Khadijah – First Woman of Islam

Article Credit: From The Unitarian Universalist Association’s Tapestry of Faith curriculum, Building Bridges (Read article at source HERE)

Remarkable women have done remarkable things in every part of the world in every time in history. Most of their accomplishments were not recorded in history books. While just as brilliant, creative, and courageous as men, women in many societies have been valued less, and often their contributions discounted, not recorded at all, or attributed to men. Notable exceptions were women so extraordinary their worth could not be ignored or minimized. One such woman, revered by billions, is Khadijah bint Khuwaylid (Khadijah, daughter of Khuwaylid), born in Mekka in 555 CE.

Khadijah was born to a life of privilege. Her family was important in Mecca and quite wealthy; she could have lived a life of ease all her days. Khadijah, however, was an intelligent and industrious young woman who enjoyed business and became very skilled. When her father died, the young woman took charge of the family business, which thrived and grew under her direction. Compassionate as well as hard-working, Khadijah gave a great deal of money to help others –assisting the poor, sick, disabled, widows, orphans, and giving poor couples money to marry.

Twice Khadijah married, and when each of her husbands died, she overcame her grief and continued to rear her small children and run her successful caravan business by herself. Khadijah had many employees, including the important position of her agent, who traveled with her caravans, negotiated deals in other cities, and took charge of the large amounts of money involved in the trading business.

When Khadijah was 40 years old, she was widely known in Arabia as a powerful, smart, independent woman, and many men wanted to work for her. However, when she needed to hire an agent, she did not hire any of the men who eagerly sought the job. Instead, she selected a hard-working young man named Muhammad who had the reputation of being honest and diligent. Muhammad was only 25 years old when he accepted the job, but he proved to be an excellent employee and a courteous and ethical man. Within a fairly short time Khadijah concluded he would be a suitable partner in life, as well, and so she, Khadijah, proposed marriage to Muhammad.

The difference in their ages was 15 years, but there was never a question of their complete devotion to each other. Muhammad continued to work for Khadijah’s caravan business, and they had six children together, although only one of the children, a girl named Fatimah, lived to adulthood. Khadijah and Muhammad lived happily in this busy, productive way for 15 years, but when Muhammad was 40 their lives took a radical turn.

Khadijah encouraged Muhammad to leave the business and preach full time. She financially supported him so he could preach with all his heart and energy; she sustained him in this way for the rest of her life. When necessary, she supported his followers, too.

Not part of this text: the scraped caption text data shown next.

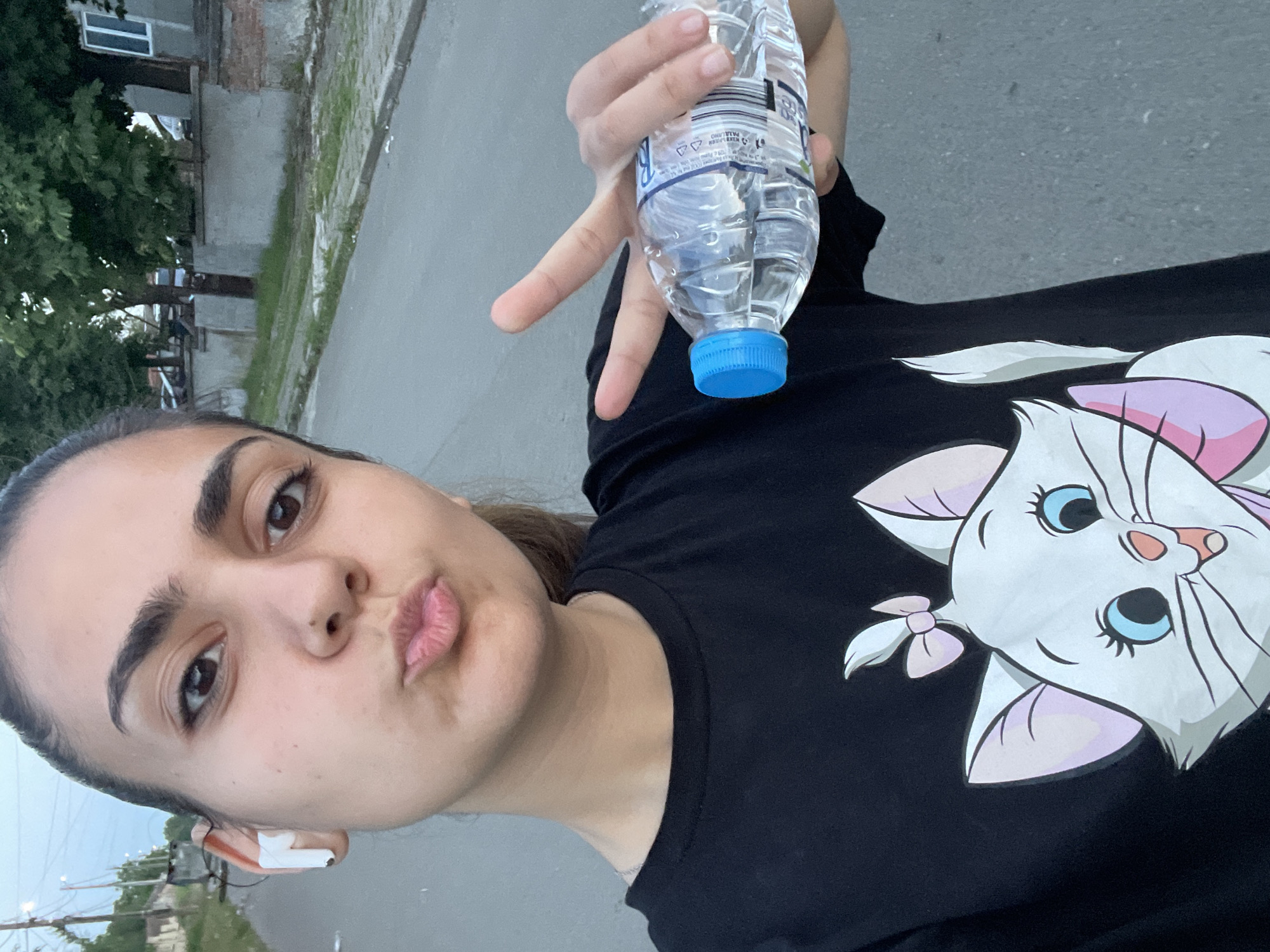 A young woman is captured in a selfie-style shot outdoors on a street in Debelt, Bulgaria. She has dark hair pulled back and wears a black t-shirt featuring a graphic of the white cartoon cat Marie from Disney's The Aristocats, complete with a pink bow. She is making a pursed-lip "kissing" face. A white wireless earbud is visible in her left ear. Her right hand, held up, forms a "peace" sign around a clear plastic water bottle with a blue cap, which contains water. The background shows an asphalt road, a concrete curb, and a dirt/grass verge. Beyond the verge, there is a low wall, several green trees, and a building with a white-framed window on the right side. On the left, power lines and utility poles are visible in the distance. The lighting suggests an overcast day or late afternoon/early evening.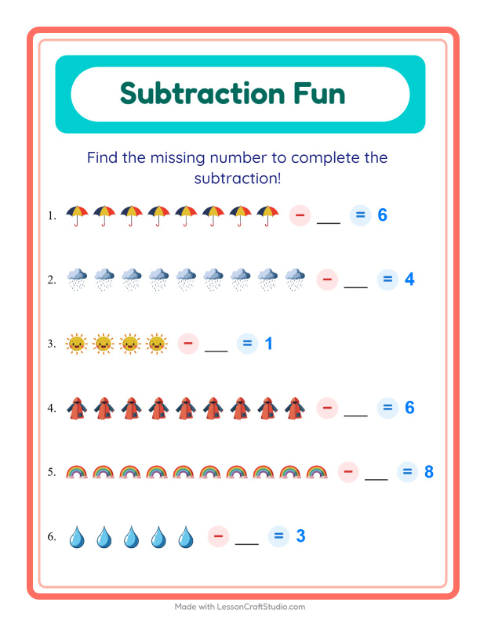 Preview of Subtraction worksheet featuring Miscellaneous for kindergarten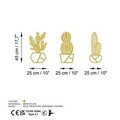 Decoratiune de perete, Cactus-2, Metal, (Grosime: 1,5 mm), Auriu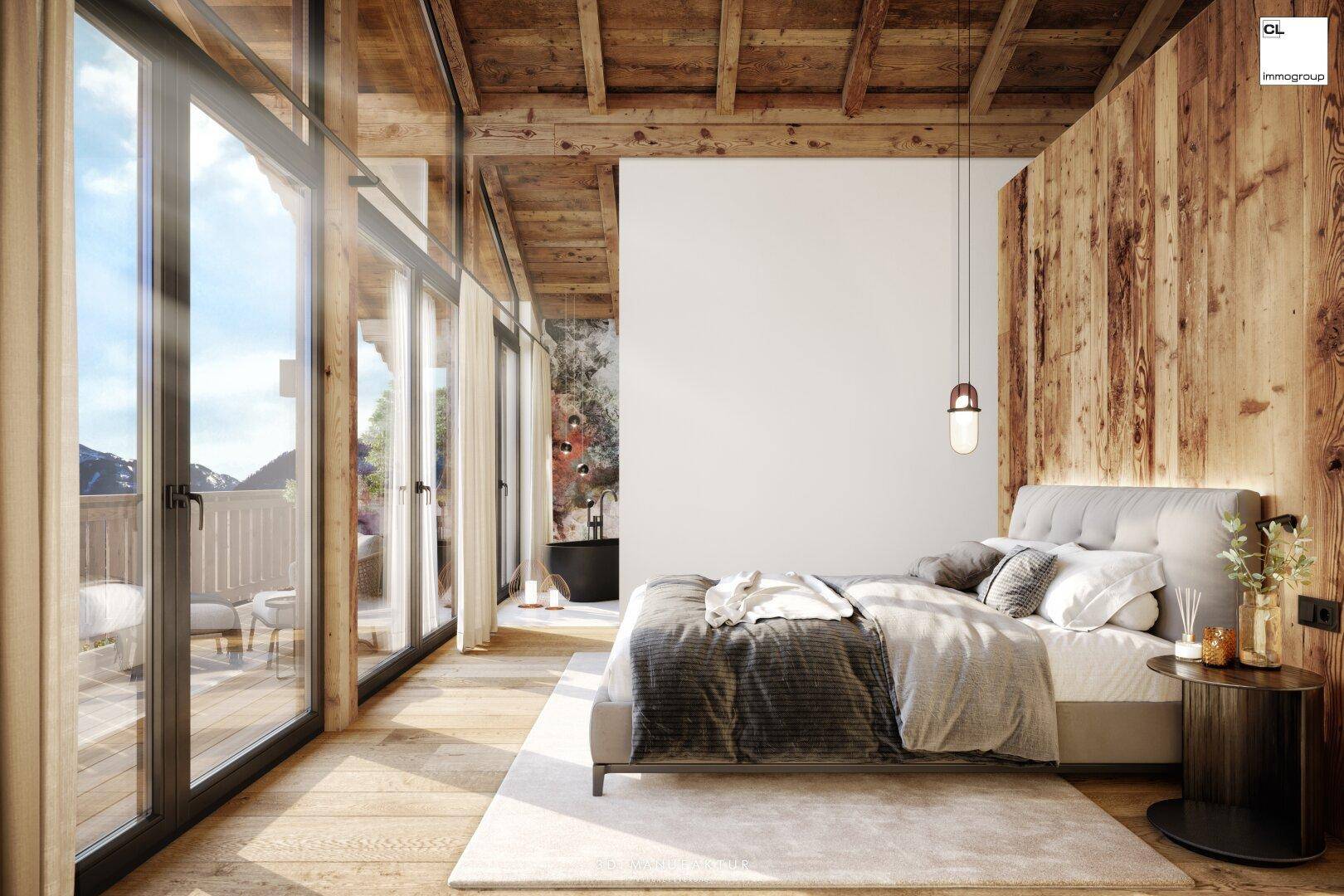Helles Schlafzimmer im modernen Chalet-Stil mit Holzbalkendecke, großen Fenstern, Bergblick und Balkonzugang.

Muhammad meditated in a cave outside Mecca from time to time, and one afternoon he returned home from the cave exhausted and frightened, calling to Khadijah for help. He told her the angel Gabriel had spoken to him with a message from God, but he did not know what it meant. Khadijah believed Muhammad. She assured him he was sane and that this news was good, not fearful. Khadijah became the first convert to Islam, and remained Muhammad’s most staunch believer, ally, and friend through the trials that lay ahead.

Khadijah encouraged Muhammad to leave the business and preach full time. She financially supported him so he could preach with all his heart and energy; she sustained him in this way for the rest of her life. When necessary, she supported his followers, too. In the early years, when the growth of Islam was slow and increasingly dangerous, Khadijah protected Muhammad with her political power and influence. As time passed, Muhammad’s compelling word gained followers, and just as steadily, city leaders became more alarmed and wanted Muhammad arrested. Eventually, when the authorities could not be kept away and finally came for him, Khadijah left her comfortable home to join her husband, Muhammad, in hiding. Three years of rugged living followed, during which Khadijah depleted her entire large fortune supporting the followers of Islam. Her wealth was gone and her health strained to the breaking point by deprivation. However, her spirits remained high and her devotion never flagged. Finally, the brave, honorable, and faithful Khadijah became ill and died.

Muhammad revered Khadijah’s memory the rest of his life, and consistently held her up to both men and women as a model of intelligence, virtue, courage, and devotion to family and to God

The year Khadijah died was 619 CE. She was 65 years old, and she and Muhammad had been partners for 25 years. Muhammad’s uncle Abu Talib also died that year, and Muhammad called 619 the Year of Sorrow. It is known in Islamic history as the Year of Sorrow to this day.

Khadijah is recognized as a great woman. Muhammad revered Khadijah’s memory the rest of his life, and consistently held her up to both men and women as a model of intelligence, virtue, courage, and devotion to family and to God. During the 25 years of their marriage, Muhammad remained married only to Khadijah. After Khadijah died, Muhammad had numerous wives at once as was the custom of that time.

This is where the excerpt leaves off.